使用如下命令,将mysql中某张表的数据导入到hbase中
sqoop import --connect jdbc:mysql://mysql.host:mysqlport/databasename \
--table [mysqltable] --hbase-table [hbasetable] --column-family testfamily \
--hbase-row-key id --hbase-create-table --username [mysqluname] --password [mysqlpwd]
- --connect jdbc:mysql://mysql.host:mysqlport/databasename mysql.host为Mysql 服务的Host,mysqlport是Mysql的监听端口,databasename是数据库名称
- --table [mysqltable] mysqltable表示要导出数据库的表。

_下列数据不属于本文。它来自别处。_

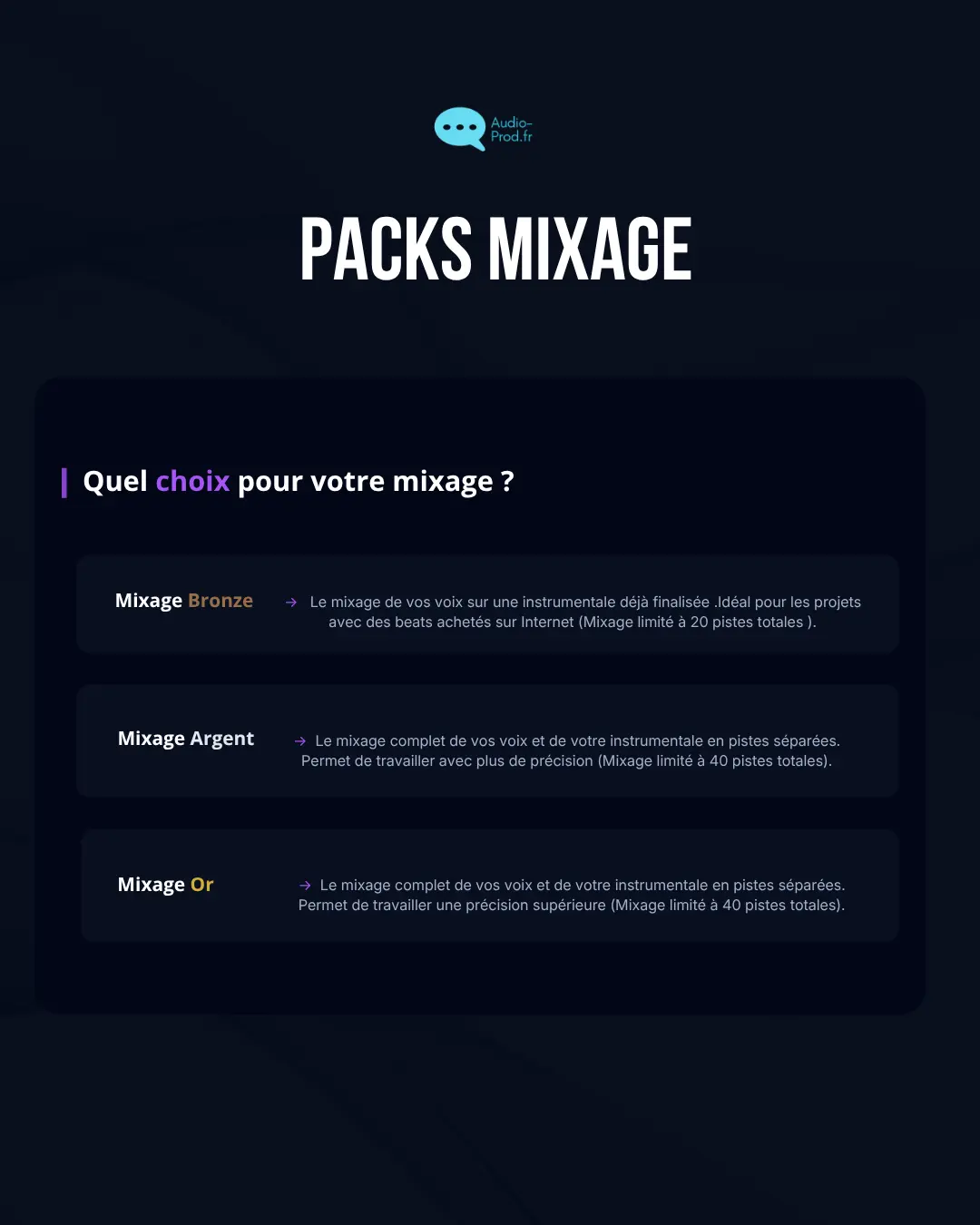 Mixage Audio en ligne – Image 3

- --hbase-table [hbasetable] hbasetable表示要在在HBase中建立的表。
- --column-family testfamily 表示在表hbasetable中建立列族testfamily。
- --hbase-row-key id 表示表A的row-key是hbasetable表的id字段。
- --hbase-create-table 表示在HBase中建立表。
- --username [mysqluname] mysqluname表示连接Mysql的用户名。
- --password [mysqlpwd] mysqlpwd表示连接Mysql的用户密码。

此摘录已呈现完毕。